The comments come as all three rating agencies are reviewing standards and methodology for rating tax-exempt municipal debt. The reviews are due in part to pressure from regulators and state treasurers who have argued that municipal credits are generally underrated, as well as to rating agencies themselves, who have been "thinking about this for eight or nine years," said Donald Lipkin, managing director at Bank of America Securities, yesterday at the Information Management Networks Illinois Public Finance Conference held in Chicago.

Standard & Poor's efforts to review its rating standards has led to "hundreds if not thousands" of upgrades of municipal credits over the last few months, said analyst James Wiemken. "Our approach is to try to understand the drivers behind the strong credit quality."

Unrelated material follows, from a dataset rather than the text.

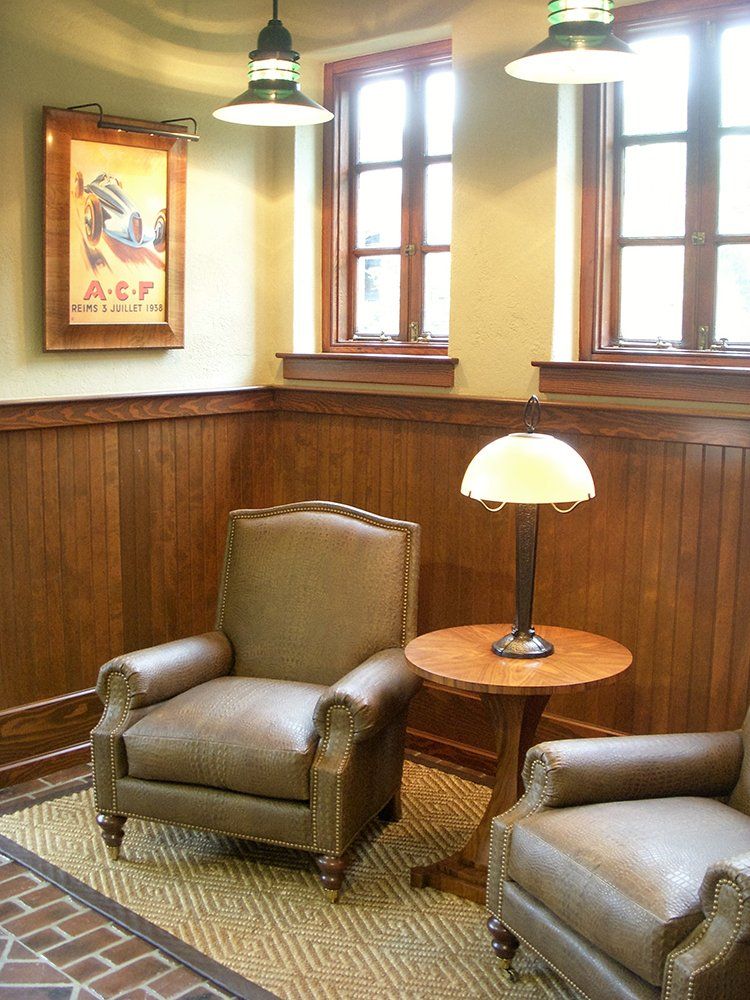 Two chairs and a table in a room with a picture on the wall that says a.e.t.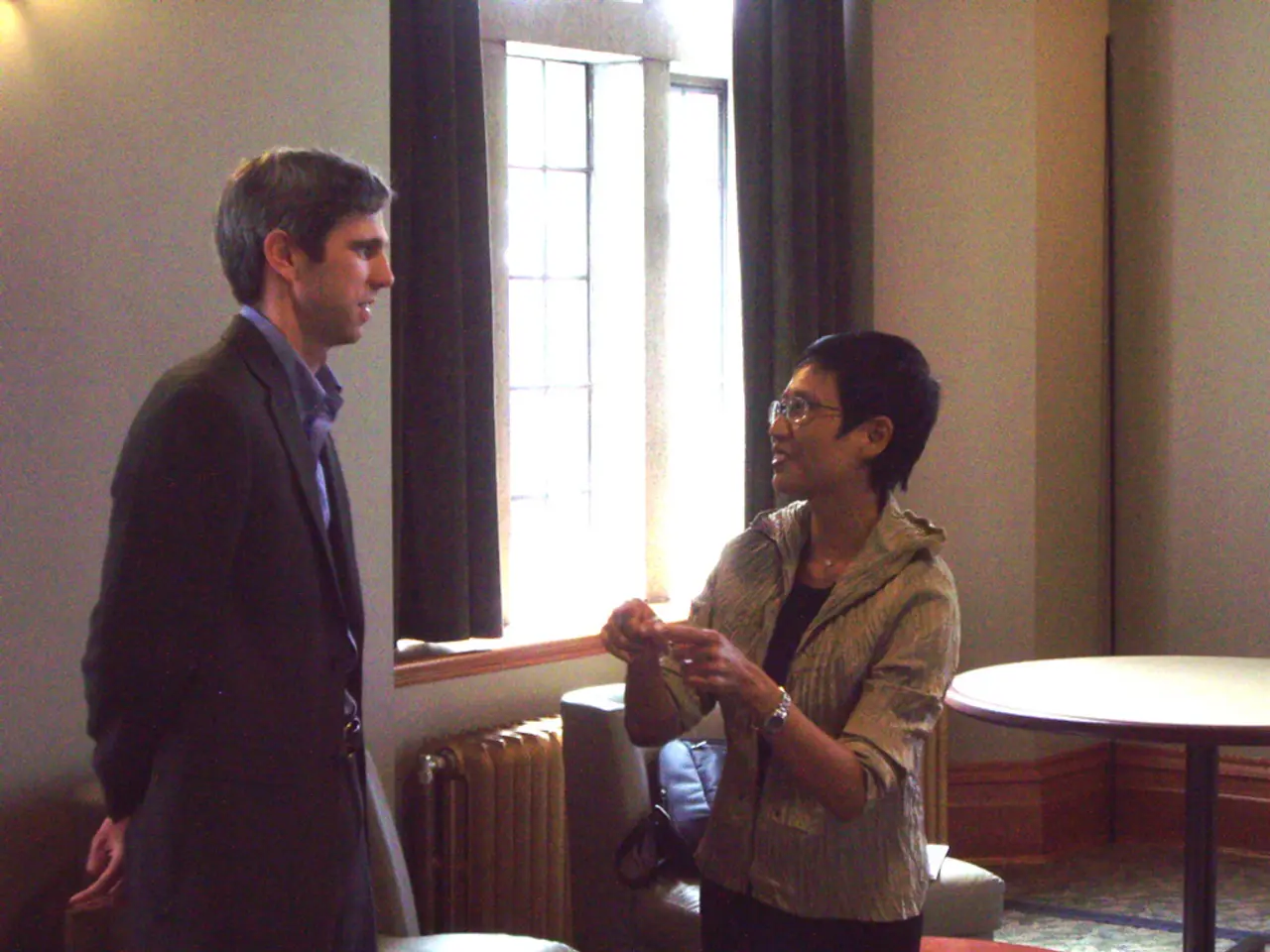 This is a image clicked inside the room. Here I can see a woman is telling something to the man who...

Meanwhile, after months of soliciting comments from market participants, Moody's Investor's Service expects to soon announce possible changes in its rating scale policies, including whether the agency should expand its current so-called global ratings system to include tax-exempt municipal debt. Under its current system, Moody's provides both municipal ratings and global ratings on taxable municipal debt if the issuer requests it. So far 27 issuers have requested the action, said Moody's analyst Ted Damutz.

Fitch Ratings also recently announced it was beginning to review its ratings process.

"This exercise shouldn't solely be based on default, but on many factors," said Phillip McKenna, director of the Midwestern zone for the National Association of Independent Financial Advisors. "We need to get out of the context of default. If ratings are based solely on default, then we should all be double- or triple-A, but that's not where your ratings are coming from. Now insurance means absolutely nothing - so the importance of differentiating [underlying credit factors] becomes ultimately more important to issuers."

Between 1970 and 2000, only 19 of 28,000 of municipal issuers defaulted, said Damutz. And between 1986 and 2006, 34 of Standard & Poor's-rated issuers defaulted, according to Wiemken. When default does occur, it's the result of several factors, the analyst said - and it's those factors that are most important to investors.

In reviewing its credits, the agency has started to give more weight to the issue of management and its role in shaping how a government addresses risk, Wiemken said. Standard & Poor's is also "backing off" previous assumptions that smaller, often rural credits were riskier credits in their lack of economic diversity, he said.

Beyond general obligation debt, the agency is also reviewing several other debt sectors, said Wiemken. For example, when considering water and sewer debt, the agency is looking at how that type of debt is generally more resistant to economic declines and politics than other types of debt.

Reviews of public and elementary school districts now increasingly consider the role the state plays in the district's finances. And analysts are reviewing ratings on a number of special districts, such as park and fire districts, in light of fiscal flexibility of those districts, Wiemken said.

The shift in criteria has, in many ways, led to the rapid series of upgrades from the agency over the last several months.

"We've come to the conclusion that even in difficult economic times like these, governments are pretty well poised to make it through this downturn and meet challenges in the future," Wiemken said.